* Extracted material *

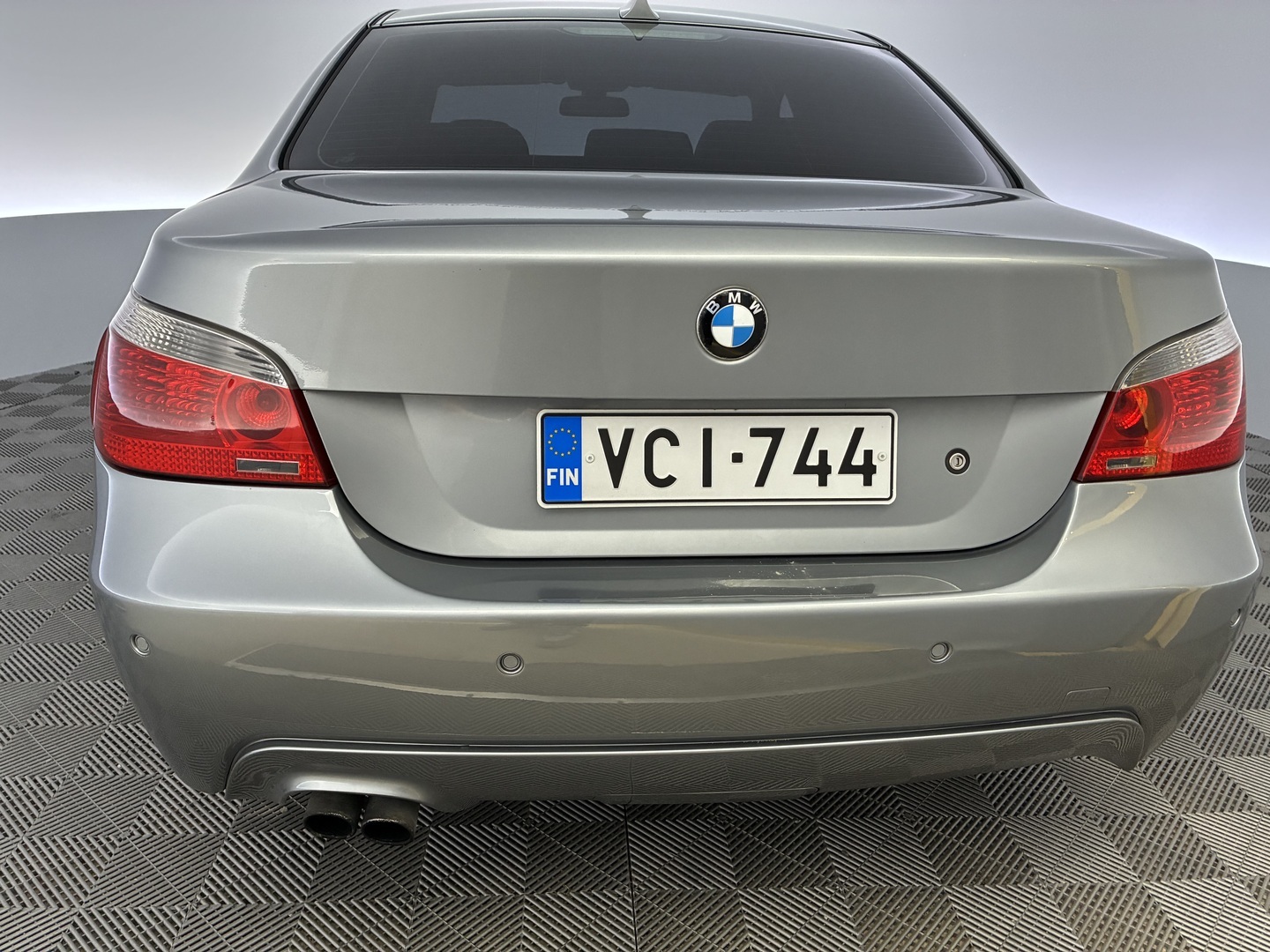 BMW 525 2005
* * *
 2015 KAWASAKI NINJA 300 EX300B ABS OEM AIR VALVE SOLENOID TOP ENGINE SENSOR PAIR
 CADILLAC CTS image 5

* Directions *
Only one stretch of the entries above is wanted: the lines from the one containing "2015 KAWASAKI NINJA" through the one containing "CADILLAC CTS image 5". Please reproduce it exactly.

* Exercise result *
 2015 KAWASAKI NINJA 300 EX300B ABS OEM AIR VALVE SOLENOID TOP ENGINE SENSOR PAIR
 CADILLAC CTS image 5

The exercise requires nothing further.